Provided records:
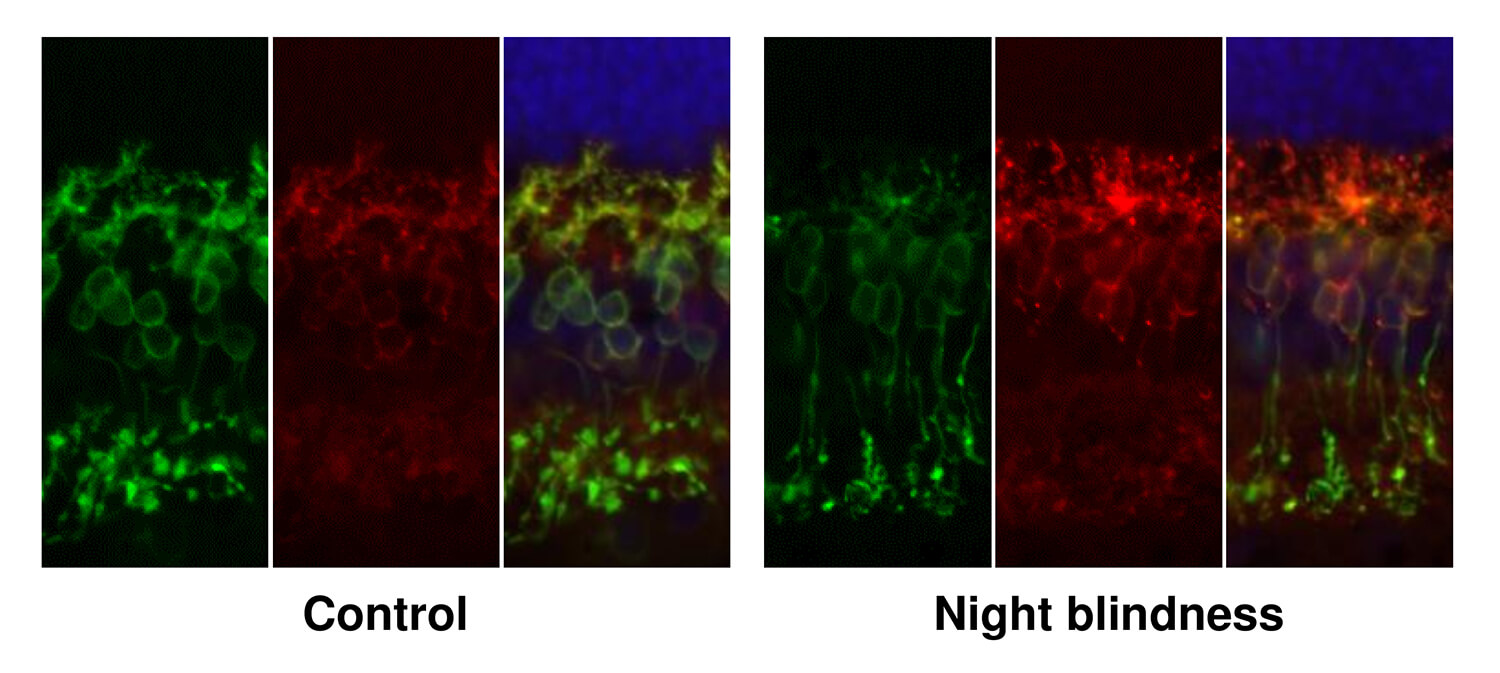The architecture of the ON-biploar cells, the layer of cells that transmits signals from the photoreceptors cells toward the brain, is distorted in dogs with congenital stationary nightblindness, the researchers found.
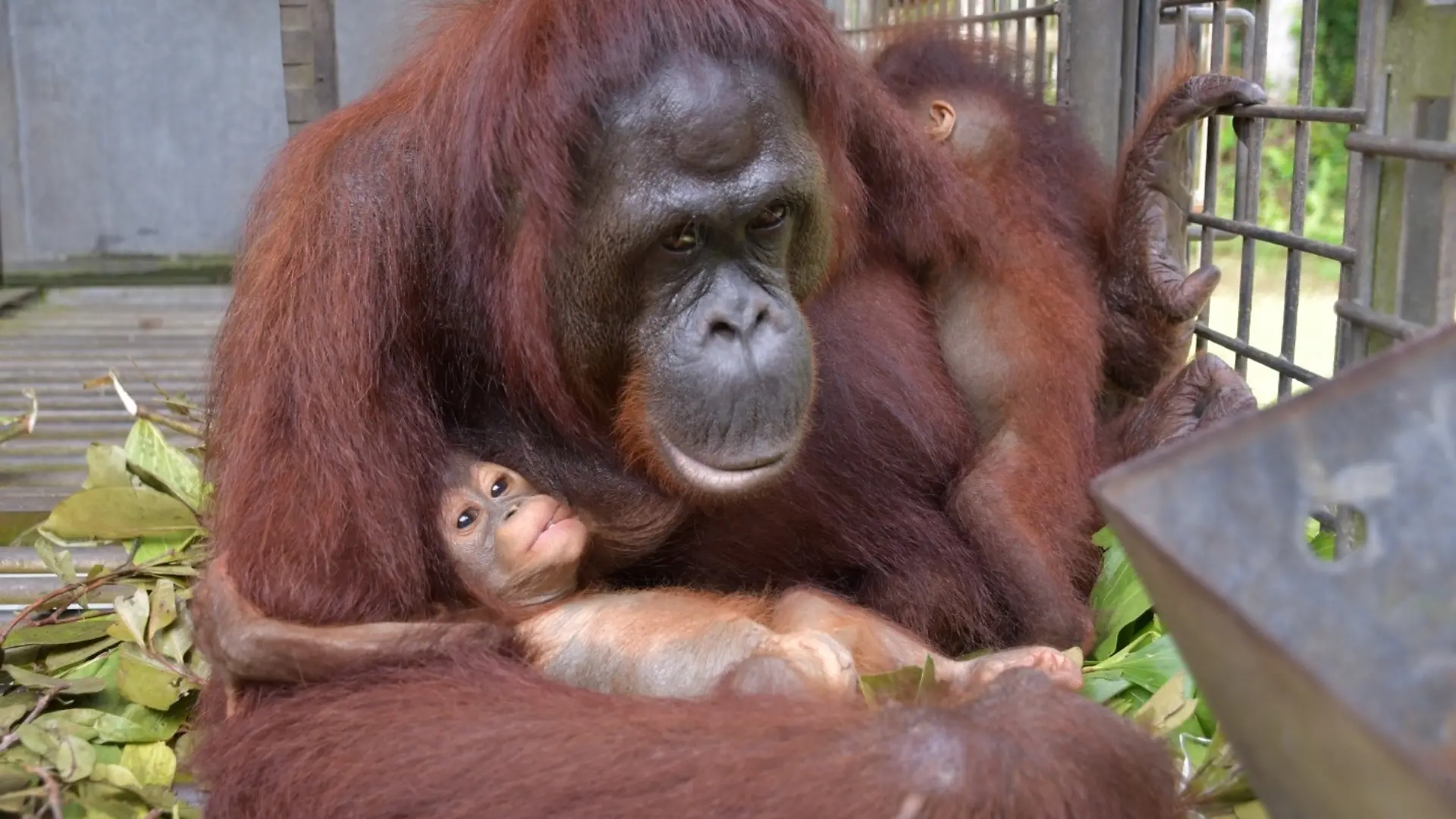Orang-Utan-Mama Du hält ihr eigenes Baby und das Baby ihrer Freundin Melata auf. Das wurde noch nie zuvor beobachtet.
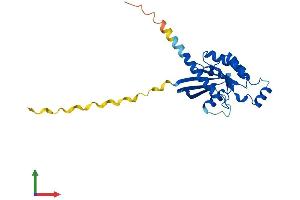 Protein Structure (PS) image for Ras Homolog Gene Family, Member V (RHOV) (AA 1-236) protein (His tag) (ABIN7551369)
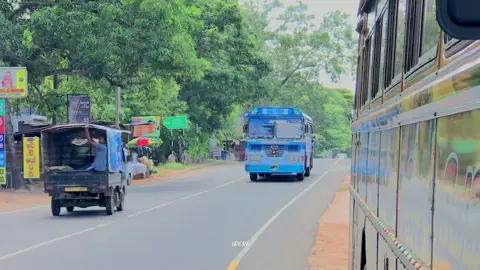 😚හොන් එක නම් පිස්සුවක් 💗🫀 ලෙටිලි නෑ පැදිලි විතරයි 😏 දන්නො දනිති විස්තරේ 😶💗#creatorsearchinsights #viralvideo #fpyツ මෙව්වා පාරෙ යන ජෙට් මල්ලි 🧐😁#Jaffna_Queen🤍 #kaveesha_super_express🤍💙 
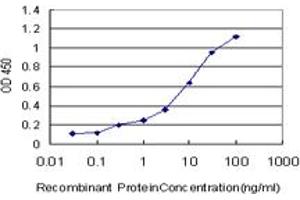 ELISA image for anti-Membrane Associated Guanylate Kinase, WW and PDZ Domain Containing 1 (MAGI1) (AA 761-859) antibody (ABIN563984)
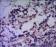HSP70 Primary Antibody MP20421 [M5A6]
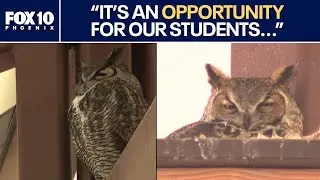 Owls at Arizona high school go viral thanks to webcam | FOX 10 Phoenix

Task prompt: In the listing, find the line with "Protein Structure (PS)" and retype exactly from there through the last line, both included, leaving the pictures out.

Response area:
 Protein Structure (PS) image for Ras Homolog Gene Family, Member V (RHOV) (AA 1-236) protein (His tag) (ABIN7551369)
 😚හොන් එක නම් පිස්සුවක් 💗🫀 ලෙටිලි නෑ පැදිලි විතරයි 😏 දන්නො දනිති විස්තරේ 😶💗#creatorsearchinsights #viralvideo #fpyツ මෙව්වා පාරෙ යන ජෙට් මල්ලි 🧐😁#Jaffna_Queen🤍 #kaveesha_super_express🤍💙 
 ELISA image for anti-Membrane Associated Guanylate Kinase, WW and PDZ Domain Containing 1 (MAGI1) (AA 761-859) antibody (ABIN563984)
HSP70 Primary Antibody MP20421 [M5A6]
 Owls at Arizona high school go viral thanks to webcam | FOX 10 Phoenix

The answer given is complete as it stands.